Brief descriptive captions
◇ ◇ ◇ ◇ ◇
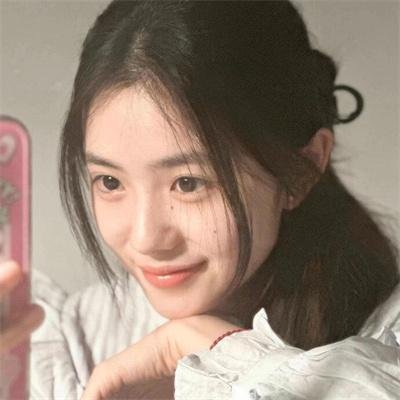 背带短裤丧尸来袭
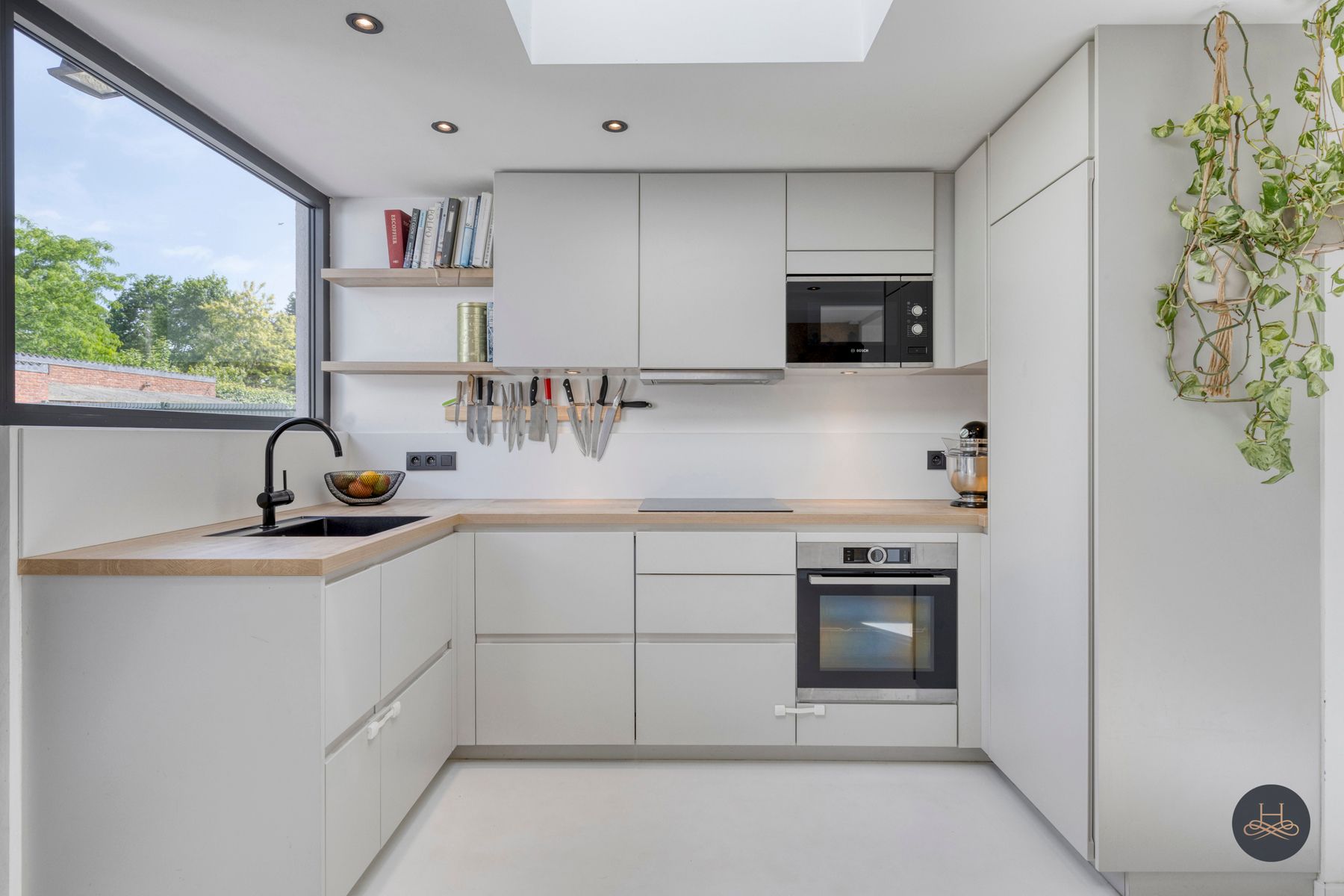 Volledig gerenoveerde open woning met ruime, praktische tuin foto 11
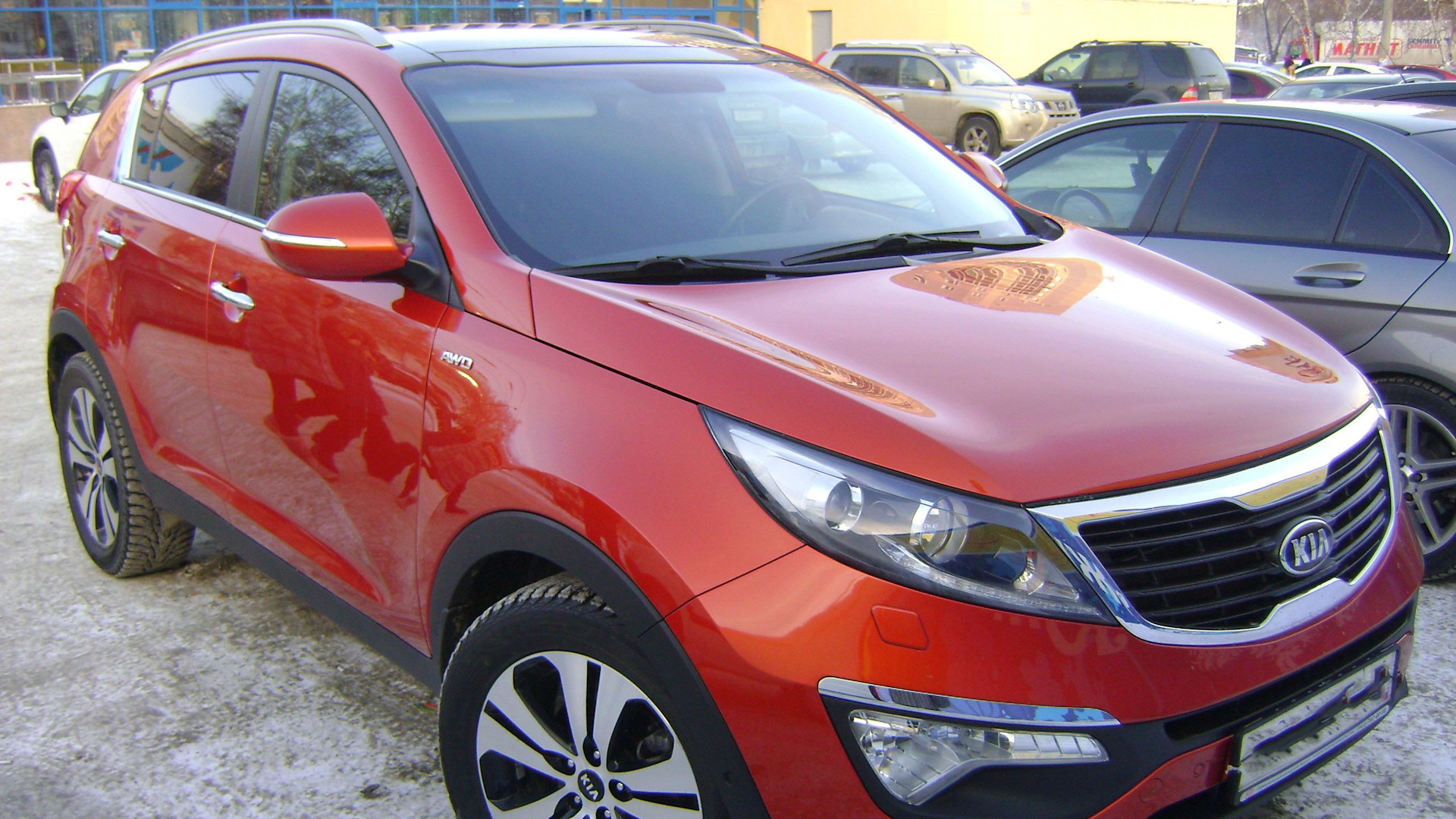 Kia Sportage оранжевая 2012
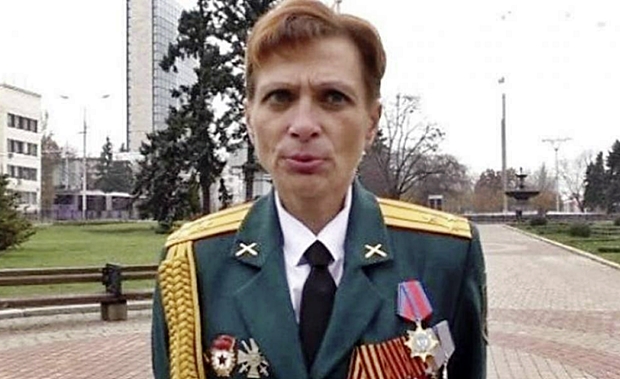 3일(이하 현지시간) 러시아투데이(RT)와 리아노보스티는 돈바스 해방을 위해 싸우던 올가 카추라(52) 대령이 우크라이나군 포격에 사망했다고 보도했다.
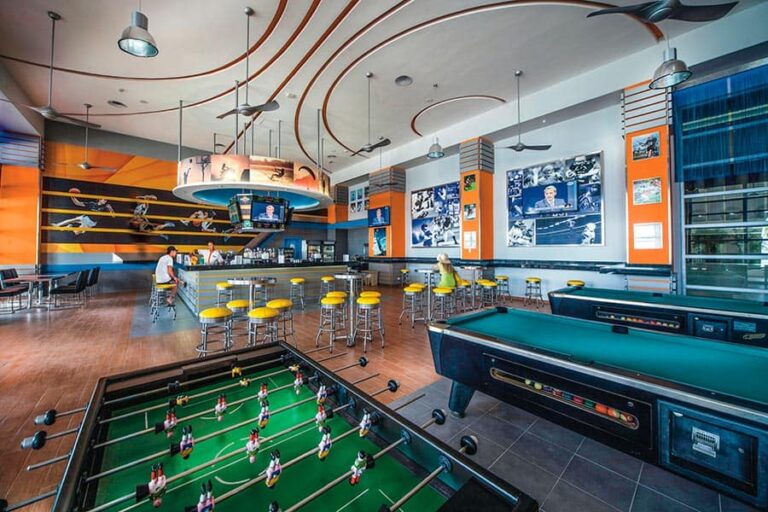 sport-bar-riu-cancun-768x512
◇ ◇ ◇ ◇ ◇
Each record above is to be copied out exactly; its pictures are not.

 背带短裤丧尸来袭
 Volledig gerenoveerde open woning met ruime, praktische tuin foto 11
 Kia Sportage оранжевая 2012
 3일(이하 현지시간) 러시아투데이(RT)와 리아노보스티는 돈바스 해방을 위해 싸우던 올가 카추라(52) 대령이 우크라이나군 포격에 사망했다고 보도했다.
 sport-bar-riu-cancun-768x512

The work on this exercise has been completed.